JB: Yes, good question. For me, the idea of The Grand Tour was quite hard fought. It is fascinating as an idea of the beginnings of cultural tourism, with all its references to classical architecture, painting and sculpture, thus, it felt like a logical extension from the utilitarian antiquity of the Roman Roads record.. Also, I like the way the words The Grand Tour have in some ways sublime and romantic connotations, yet have been absorbed and morphed into our 21st century culture through names of various cars and computer games.. It looms over us without many realising. I was also very keen to make a record about a set route to allow me to construct an imaginary travelogue-style record. The tour was fundamentally quite a specific route through Europe, like any journey, it is actually filled with moments of pastoral wide-open spaces and the natural emptiness of landscape. Thus it's as much a record about purely the momentum and rhythm of travel - of looking at various things as you move through a space. As you say, my artwork tends to be about abstraction and minimalism, so it was interesting to try and find esoteric ways of representing the idea of travel and tourism, which brought me to the geometric layout of generic holiday postcards as interesting documents of journeys.   

Did the recording also involve a lot of research into the tour? Were the track titles, for example, mapped carefully onto its route?

JB: Yes, as I was writing the record, I was reading around the history and concept. The point that I kept coming back to was that as an event, The Grand Tour is fundamentally the start of tourism as we know it - of boarding a plane to go and view things and to experience and be somewhere else for a period of time. i.e. The idea of University students taking the ubiquitous gap year of an expedition across a country. I remember going InterRailing through Europe as a late teenager and that kept coming back into my mind as I was writing the record - of the experiences and sights of a trip like that.
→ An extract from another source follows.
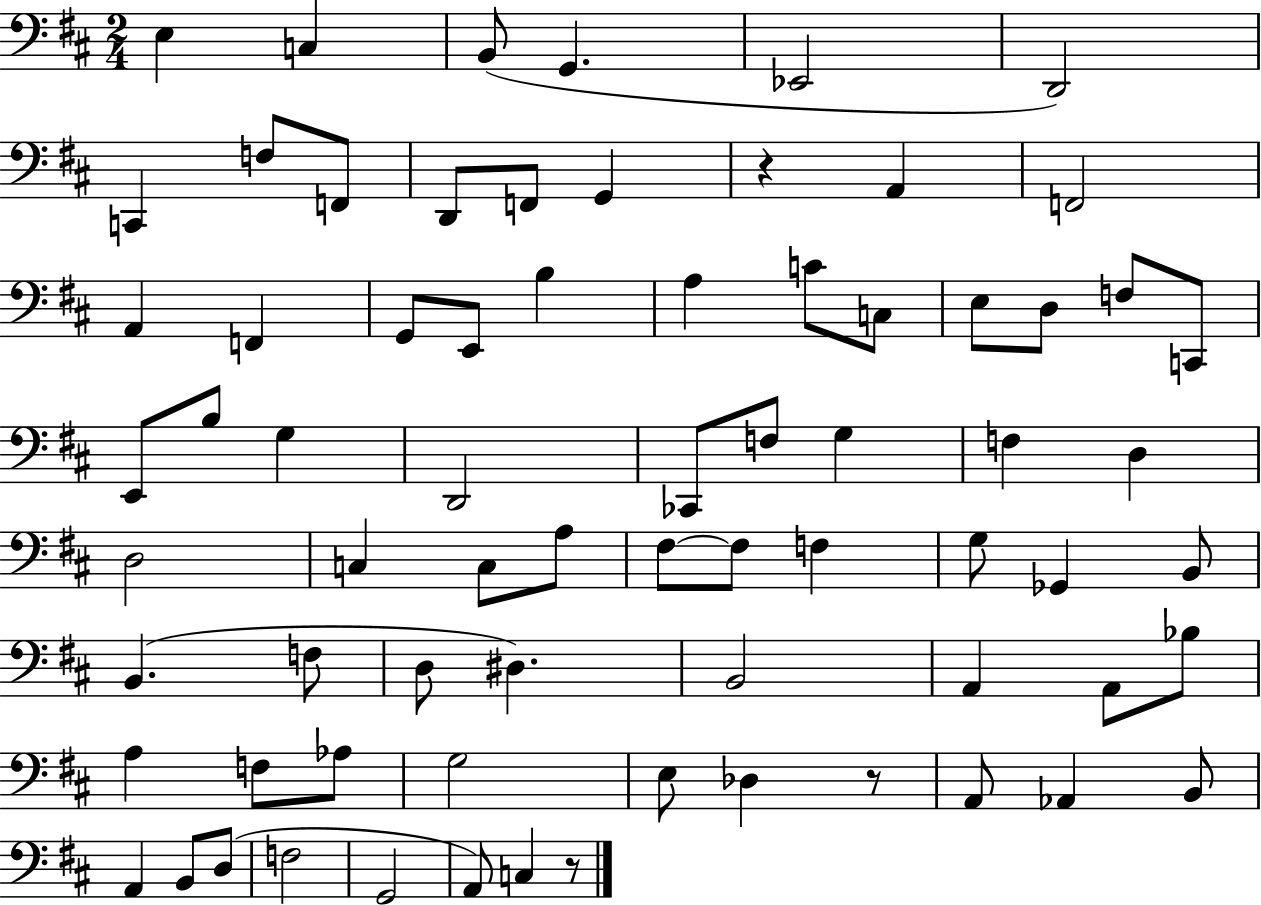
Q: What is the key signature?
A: D major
The music and titles were very important in relation to the routes - attempting to plot the journeys that would have been taken. Of course this was easier said than done, because the music was attempting to respond to some historical, geographic characteristics of the title and place being considered. It was like a map as a jigsaw puzzle.

With Roman Roads, you recorded in Berlin, but for the new record you relocated south to the Bavarian Alps: why the move? What did that enable in the music?

JB: It was brilliant to be in the middle of nowhere recording. My intention was that the physical space would result in a more reflective record - To be somewhere like that of course puts say Dalston and the Kingsland Road into perspective.. (I'm only sorry the track called 'On Observing The Matter Valley' I couldn't make work on the album. But I suppose it's my ode to where I was.)

Did your experience working with Simon Fisher Turner on the soundtrack to The Epic Of Everest influence you at all?

JB: Yes, it was and is a brilliant project to be involved with. I guess mountains journeys couldn't help but creep in. I think one of the messages from the Everest documentary is in relation to man's conquering, yet fragile relationship to nature. One example on the new record would be the track -  'From The Heights Of The Simplon Pass' which addresses and revisits the high Alpine route made famous by William Wordsworth's poem. 

Finally, have you got any further plans for live outings of the new record?

JB: Yes, initially I'm playing Rough Trade East on July 30 and The Proud Archivist on August 26. Then there are some logical European dates being booked at the moment.